Exercise inputs START
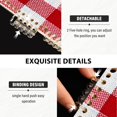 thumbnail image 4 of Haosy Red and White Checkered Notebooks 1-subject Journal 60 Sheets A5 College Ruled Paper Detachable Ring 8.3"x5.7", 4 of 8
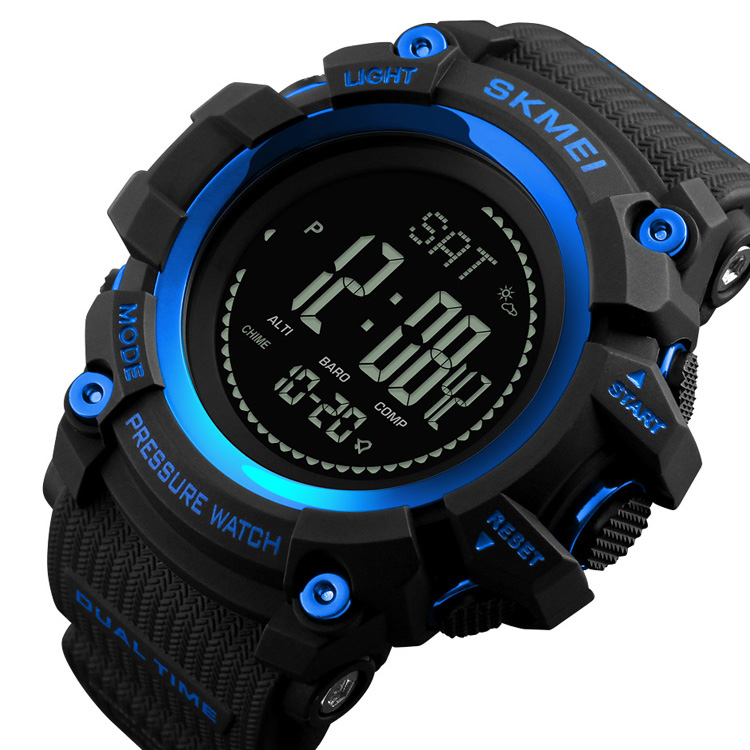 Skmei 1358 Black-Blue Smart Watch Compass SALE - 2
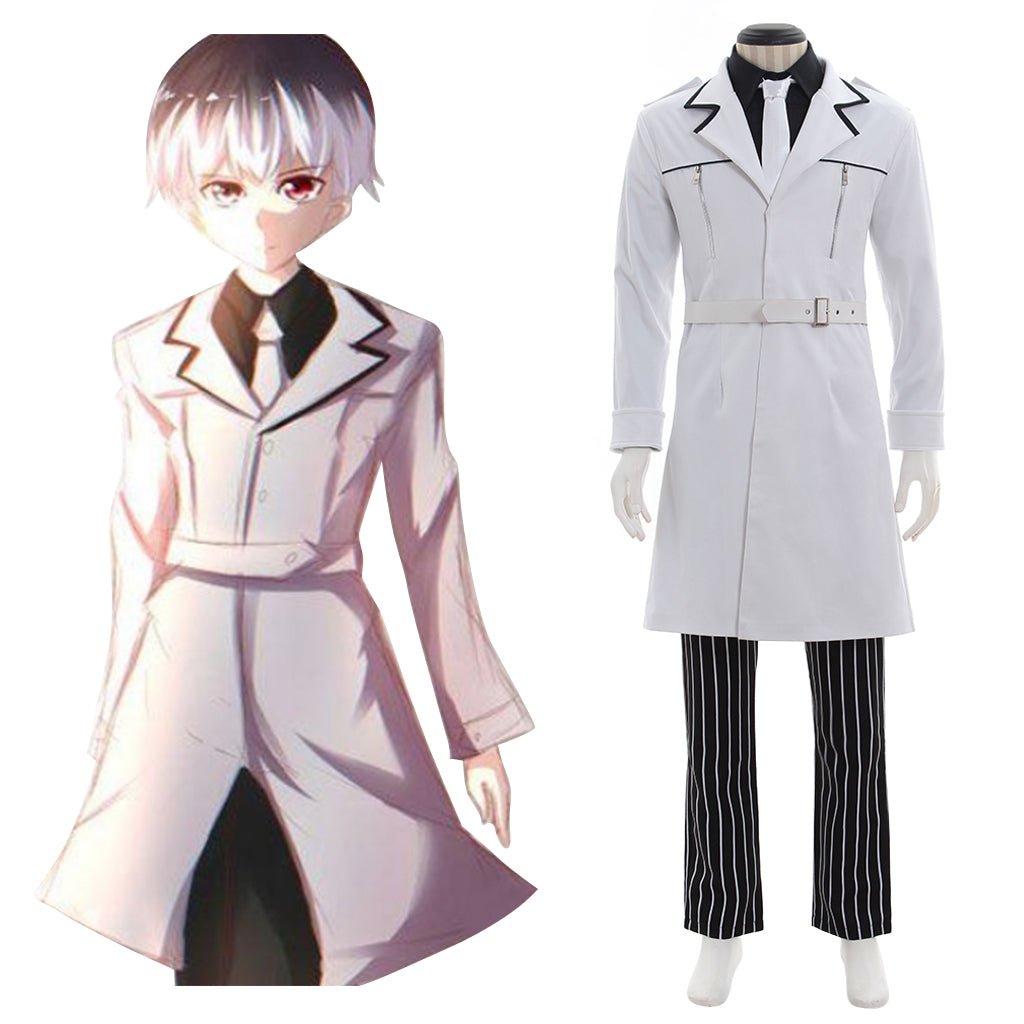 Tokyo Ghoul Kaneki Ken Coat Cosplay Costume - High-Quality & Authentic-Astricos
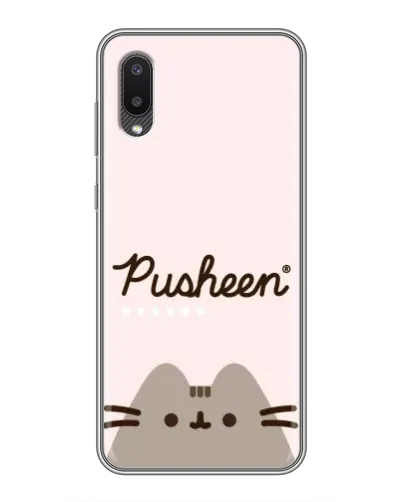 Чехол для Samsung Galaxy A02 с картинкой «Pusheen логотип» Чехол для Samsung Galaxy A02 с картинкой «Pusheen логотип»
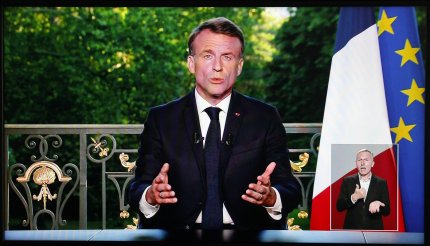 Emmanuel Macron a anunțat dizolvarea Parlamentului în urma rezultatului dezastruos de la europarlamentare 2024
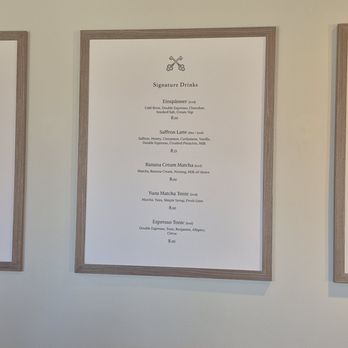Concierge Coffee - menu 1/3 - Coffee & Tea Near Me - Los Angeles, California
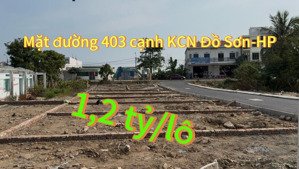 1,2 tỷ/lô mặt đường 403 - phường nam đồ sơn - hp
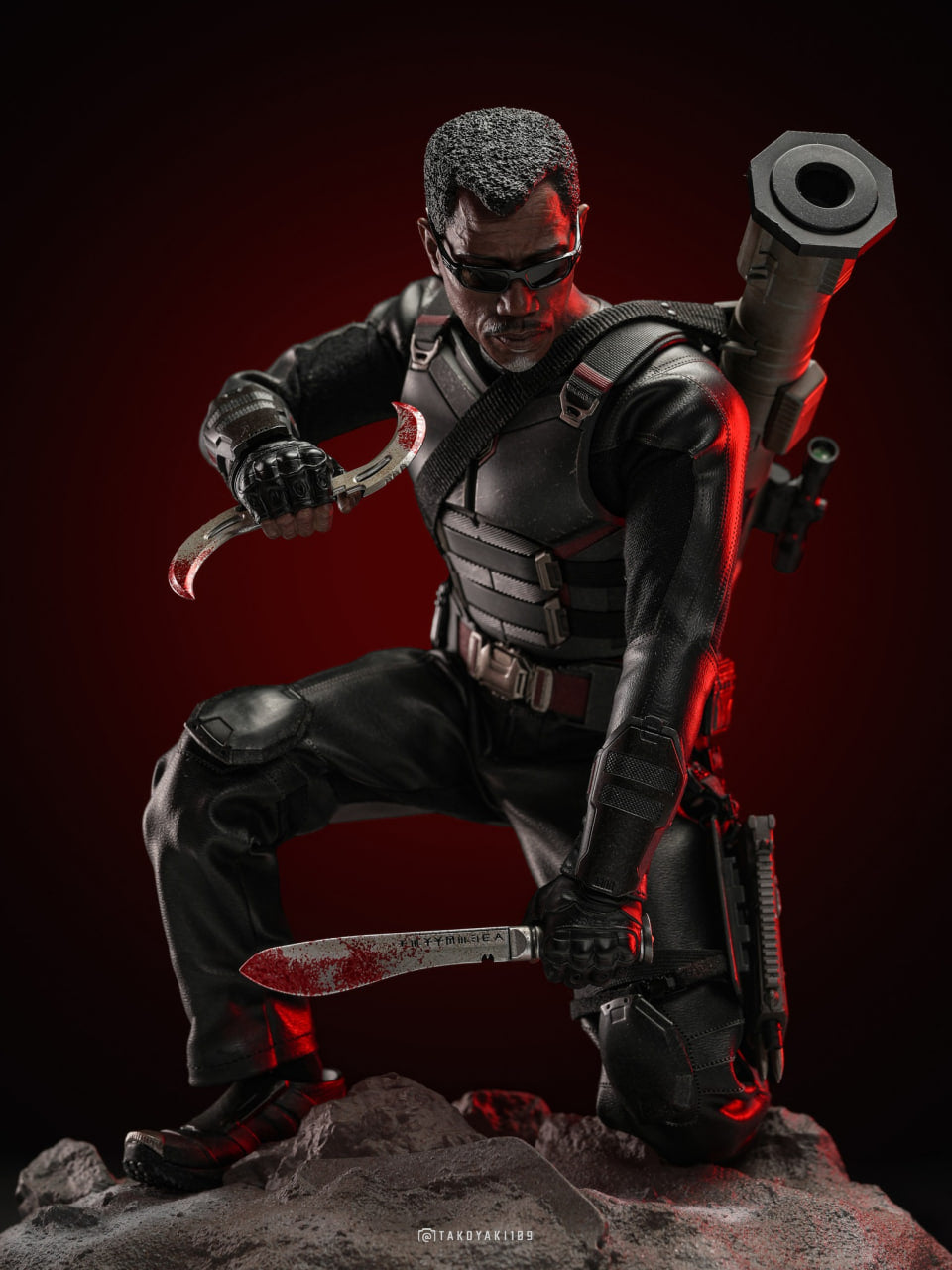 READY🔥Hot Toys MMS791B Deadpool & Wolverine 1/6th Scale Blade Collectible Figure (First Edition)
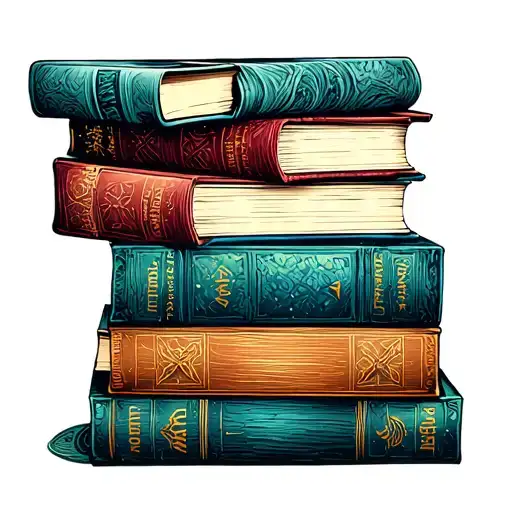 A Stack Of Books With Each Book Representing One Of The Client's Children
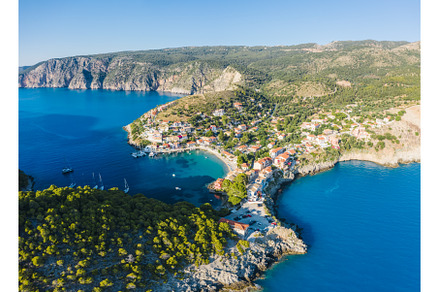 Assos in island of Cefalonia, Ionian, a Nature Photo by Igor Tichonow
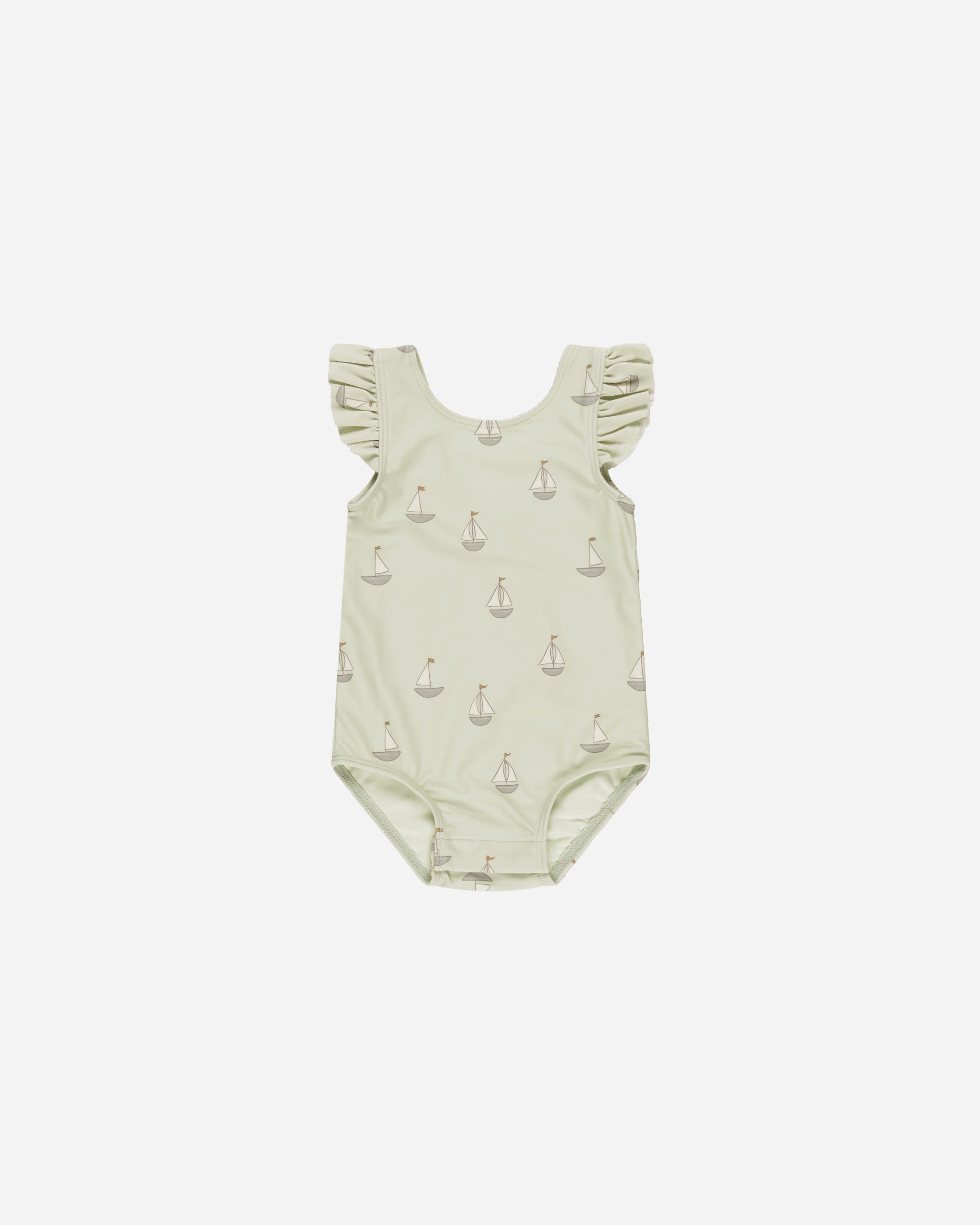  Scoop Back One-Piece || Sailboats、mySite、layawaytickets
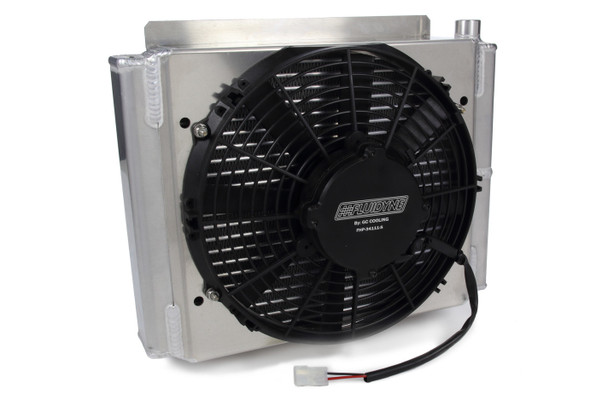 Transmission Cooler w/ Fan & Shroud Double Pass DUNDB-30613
Exercise inputs END
Skip the pictures and quote each line of the entries above, from the first through the line with "A Stack Of Books", exactly as it appears.

Solution for this task:
 thumbnail image 4 of Haosy Red and White Checkered Notebooks 1-subject Journal 60 Sheets A5 College Ruled Paper Detachable Ring 8.3"x5.7", 4 of 8
 Skmei 1358 Black-Blue Smart Watch Compass SALE - 2
 Tokyo Ghoul Kaneki Ken Coat Cosplay Costume - High-Quality & Authentic-Astricos
 Чехол для Samsung Galaxy A02 с картинкой «Pusheen логотип» Чехол для Samsung Galaxy A02 с картинкой «Pusheen логотип»
 Emmanuel Macron a anunțat dizolvarea Parlamentului în urma rezultatului dezastruos de la europarlamentare 2024
Concierge Coffee - menu 1/3 - Coffee & Tea Near Me - Los Angeles, California
 1,2 tỷ/lô mặt đường 403 - phường nam đồ sơn - hp
 READY🔥Hot Toys MMS791B Deadpool & Wolverine 1/6th Scale Blade Collectible Figure (First Edition)
 A Stack Of Books With Each Book Representing One Of The Client's Children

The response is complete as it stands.